Todo se juntó esa misma mañana, en la que descubrió, después de
un inquietante sueño, que se había
convertido en un insecto repugnante de cáscara oscura y de largas y
finas extremidades.
Durante
unos cinco segundos cerró los ojos, se tranquilizó y reflexionó.

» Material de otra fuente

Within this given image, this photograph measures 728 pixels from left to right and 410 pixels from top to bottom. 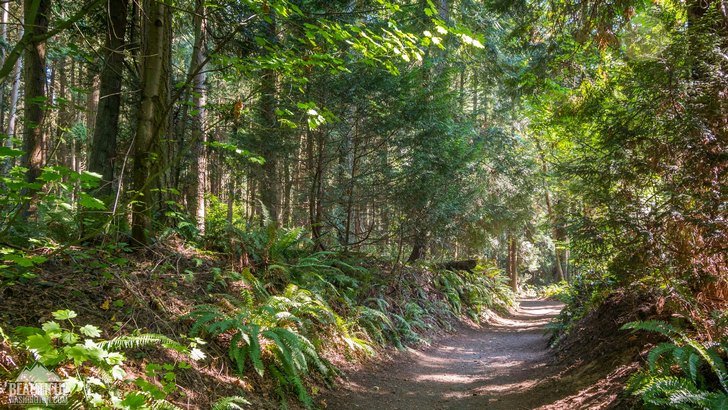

Él sabía que nada iba a conseguir si continuaba
nervioso. Se olvidó de su trabajo. Por un día que no fuera a
trabajar, no creyó que pasara nada. Lo que sí que ocurría era que
él era, de su familia, el único que trabajaba. Su familia dependía
económicamente de él. Pero no quiso recordar todo esto y se olvidó
por una vez de su trabajo.
Después
de poner su mente en blanco, lo primero que hizo fue buscar ideas. ¿Y
si intento darme la vuelta por el lado contrario a mi herida? ¿Y si
comienzo a saltar continuamente de arriba abajo en el colchón hasta
conseguir darme la vuelta? ¿Y si en realidad tengo alas e intento
volar hacia arriba? En ese momento su cabeza solo buscaba respuestas
a cómo salir de ese colchón que comenzaba a hacerse pesado para él.
Entonces
pensó en probar todas aquellas ideas: “Alguna tiene que
funcionar”, meditó él.
Entonces comenzó a girarse al lado izquierdo, contrario al de su
herida. Descubrió que no conseguía nada. Entonces
movió de arriba abajo su cuerpo intentando elevarlo e
invertirlo. Pero tampoco funcionó. Solo le
quedaba probar algo que en su vida creía que iba a poder hacer:
volar. Él no conocía la forma de hacerlo.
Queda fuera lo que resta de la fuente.